>>>>>

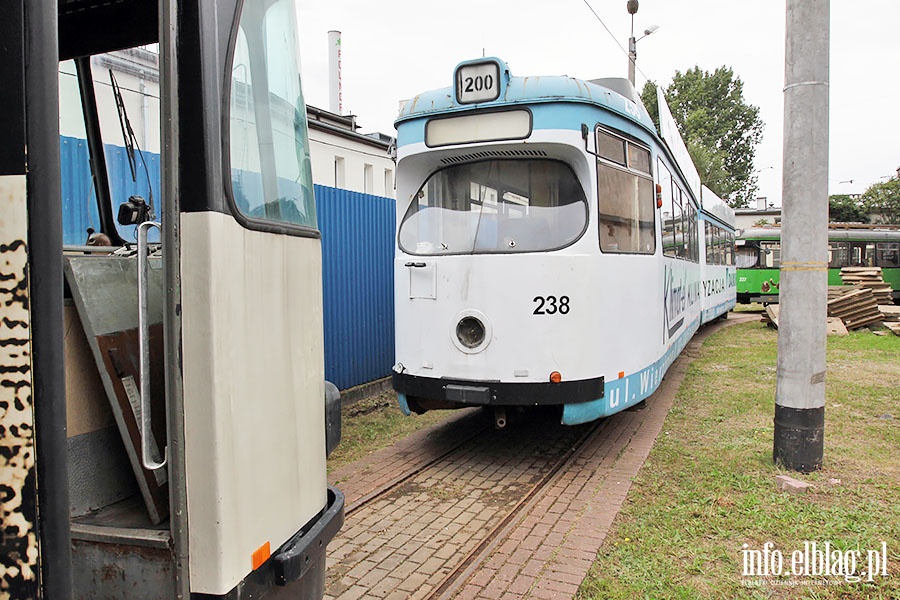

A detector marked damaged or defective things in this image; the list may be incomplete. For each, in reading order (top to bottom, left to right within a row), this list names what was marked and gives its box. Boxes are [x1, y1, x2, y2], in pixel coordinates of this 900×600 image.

<<<<<
>>>>>

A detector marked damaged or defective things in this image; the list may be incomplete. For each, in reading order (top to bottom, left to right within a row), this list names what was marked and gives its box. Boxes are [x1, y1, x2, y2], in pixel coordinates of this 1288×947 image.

<<<<<
>>>>>

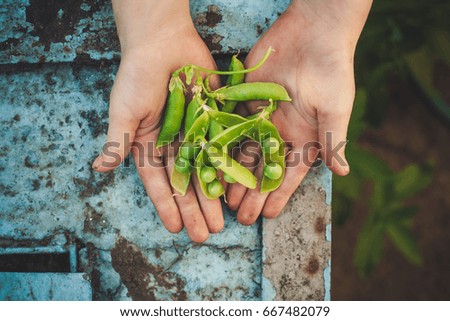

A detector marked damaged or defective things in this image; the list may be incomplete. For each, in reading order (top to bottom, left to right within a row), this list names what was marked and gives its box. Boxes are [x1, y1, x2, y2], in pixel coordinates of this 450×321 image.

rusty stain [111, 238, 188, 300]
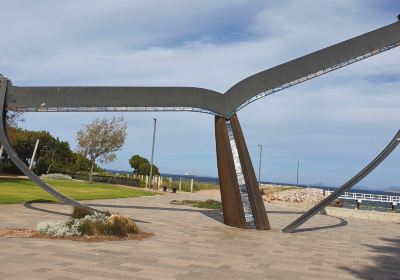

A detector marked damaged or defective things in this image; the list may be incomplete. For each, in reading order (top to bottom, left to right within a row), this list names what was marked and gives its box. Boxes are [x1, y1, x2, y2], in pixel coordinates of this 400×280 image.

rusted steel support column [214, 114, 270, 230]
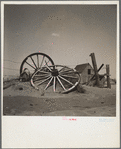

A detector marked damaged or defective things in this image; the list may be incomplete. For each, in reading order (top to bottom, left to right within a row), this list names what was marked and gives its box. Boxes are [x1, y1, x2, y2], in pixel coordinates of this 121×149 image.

<<<<<

The lines above from the line with "this 400×280 image." through the line with "this 121×149 image." are to be given again word for word, with no pictures among them.

A detector marked damaged or defective things in this image; the list may be incomplete. For each, in reading order (top to bottom, left to right within a row), this list names what was marked and gives its box. Boxes are [x1, y1, x2, y2], in pixel coordinates of this 400×280 image.

rusted steel support column [214, 114, 270, 230]

A detector marked damaged or defective things in this image; the list may be incomplete. For each, in reading order (top to bottom, left to right within a row), this list names what was marked and gives its box. Boxes are [x1, y1, x2, y2], in pixel coordinates of this 121×149 image.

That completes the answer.